Please write out the listing beneath this sentence exactly, from its first line to the line with "Insider Block Measures...Big", and stop there.

Material provided:
"""
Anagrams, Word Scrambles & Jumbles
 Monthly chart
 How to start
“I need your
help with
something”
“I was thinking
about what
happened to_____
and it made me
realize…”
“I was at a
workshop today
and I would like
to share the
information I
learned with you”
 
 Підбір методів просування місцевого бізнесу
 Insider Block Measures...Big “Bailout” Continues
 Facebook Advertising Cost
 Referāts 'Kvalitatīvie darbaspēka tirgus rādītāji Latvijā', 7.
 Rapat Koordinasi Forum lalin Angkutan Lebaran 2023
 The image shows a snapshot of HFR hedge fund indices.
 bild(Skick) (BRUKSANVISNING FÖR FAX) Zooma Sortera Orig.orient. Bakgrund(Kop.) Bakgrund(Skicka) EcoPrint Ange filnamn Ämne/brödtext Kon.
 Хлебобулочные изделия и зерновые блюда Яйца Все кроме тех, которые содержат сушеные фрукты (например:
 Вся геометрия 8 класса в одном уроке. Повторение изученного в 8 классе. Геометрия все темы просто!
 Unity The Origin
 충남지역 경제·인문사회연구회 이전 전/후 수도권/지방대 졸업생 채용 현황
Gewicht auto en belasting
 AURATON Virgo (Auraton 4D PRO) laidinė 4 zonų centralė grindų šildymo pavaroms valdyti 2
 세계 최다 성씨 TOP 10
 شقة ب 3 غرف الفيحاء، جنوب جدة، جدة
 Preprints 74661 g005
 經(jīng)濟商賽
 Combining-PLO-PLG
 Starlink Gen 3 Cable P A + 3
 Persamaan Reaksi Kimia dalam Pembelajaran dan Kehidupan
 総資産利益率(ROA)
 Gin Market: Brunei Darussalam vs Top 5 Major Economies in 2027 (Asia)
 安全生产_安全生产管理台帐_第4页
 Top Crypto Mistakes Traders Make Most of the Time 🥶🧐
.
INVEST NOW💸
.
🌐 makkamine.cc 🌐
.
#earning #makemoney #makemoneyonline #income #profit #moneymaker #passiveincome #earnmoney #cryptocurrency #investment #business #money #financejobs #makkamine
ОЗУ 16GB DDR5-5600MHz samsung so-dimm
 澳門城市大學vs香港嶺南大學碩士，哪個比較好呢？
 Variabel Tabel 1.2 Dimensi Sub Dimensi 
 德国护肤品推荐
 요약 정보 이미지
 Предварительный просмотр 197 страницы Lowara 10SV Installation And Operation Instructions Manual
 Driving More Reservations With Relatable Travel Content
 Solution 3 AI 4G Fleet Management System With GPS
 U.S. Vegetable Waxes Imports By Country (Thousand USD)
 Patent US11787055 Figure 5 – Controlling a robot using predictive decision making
"""
Solution below:
Anagrams, Word Scrambles & Jumbles
 Monthly chart
 How to start
“I need your
help with
something”
“I was thinking
about what
happened to_____
and it made me
realize…”
“I was at a
workshop today
and I would like
to share the
information I
learned with you”
 
 Підбір методів просування місцевого бізнесу
 Insider Block Measures...Big “Bailout” Continues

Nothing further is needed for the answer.